Asistimos muchos, pero no todos. Yo tenía mis dudas, ella no. Por eso cuando la
vi llegar le pregunté qué opinaba. Me miro seria y contestó: “Prefiero
equivocarme exigiendo su aparición, a quedarme sin hacer nada por miedo a
equivocarme”. Al otro día estábamos marchando enarbolando una consigna que
retumba en mis oídos hasta estos días: “Aparición con vida de Jorge Julio López”.
Lo
que siguió después es historia conocida. En cada lucha por Memoria, Verdad y
Justicia ella estaba y para ese entonces la palabra “Encuentro” nos era común a
ambos.
Yo
no recordaba en que movilización fue, pero por un texto que escribió su familia
supe que se trataba del día en que asesinaron a Mariano Ferreyra. Ella estaba
muy enferma y era algo que se sabía. Cuando la vi venir me abalancé a
abrazarla, pero en mi actitud hubo algo que no le gustó. Me volvió a mirar
fijo, como aquel día en la reunión por Jorge Julio López. En ese instante
comprendí que esa mujer que irradiaba tanta vida y dignidad, no necesitaba ni
de un poquito de mi compasión por más bien intencionada que fuera. Sentí mucha
vergüenza, de esas que te agarran cuando se contraponen la grandeza y la
chiqueza. Nunca más volví a verla,
aunque sí a sentirla presente, lo cual es lógico, ya que les estoy
contando la historia de una aparecida, que cada tanto me susurra al oído una
canción que dice: “Estaré, estaré, a donde salga el sol”.

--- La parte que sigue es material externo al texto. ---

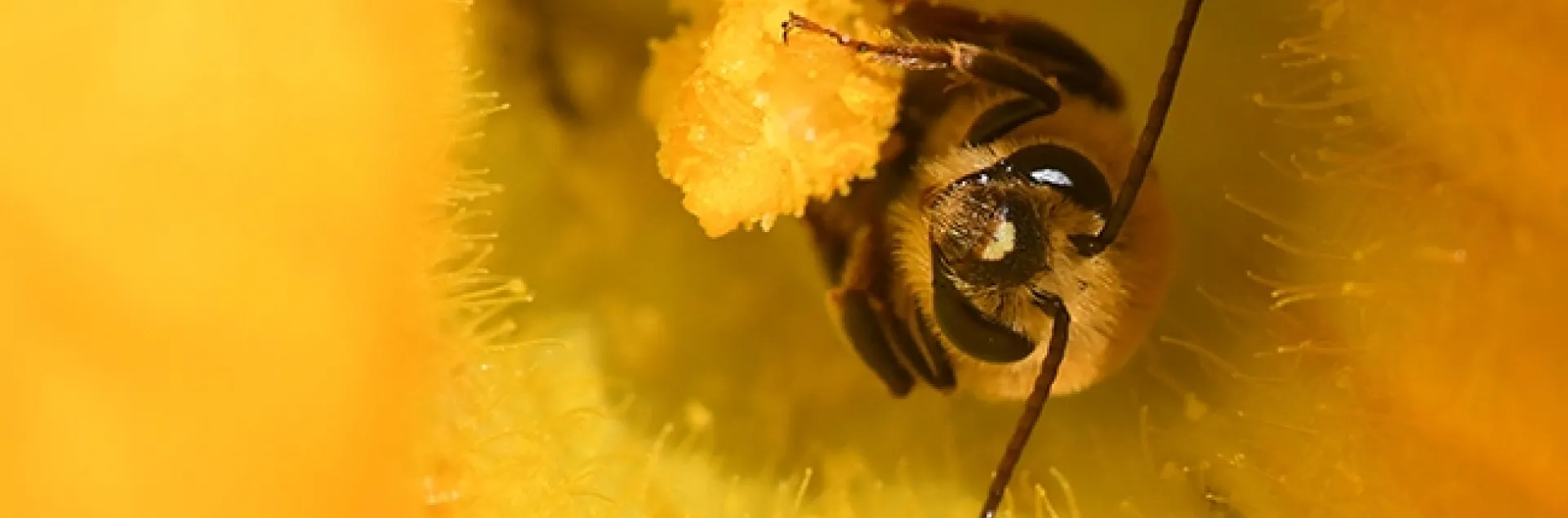 A squash bee, Peponapis pruinosa, pollinating a squash. (Photo by Kathy Keatley Garvey)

La memoria agradecida y comprometida es la que heredamos de esa generación diezmada,que pide MEMORIA.
ResponderEliminarVERDAD.
Y JUSTICIA .
Recuerdo el relato de Adriana casi en la puerta del Pozo en una de las movilizaciones allá por el 86 /87- Me impactó su relato y la entereza para hablar en ese lugar siniestro. Bello recuerdo y evocación. No lo había visto en su momento pero siempre es momento para recordarla.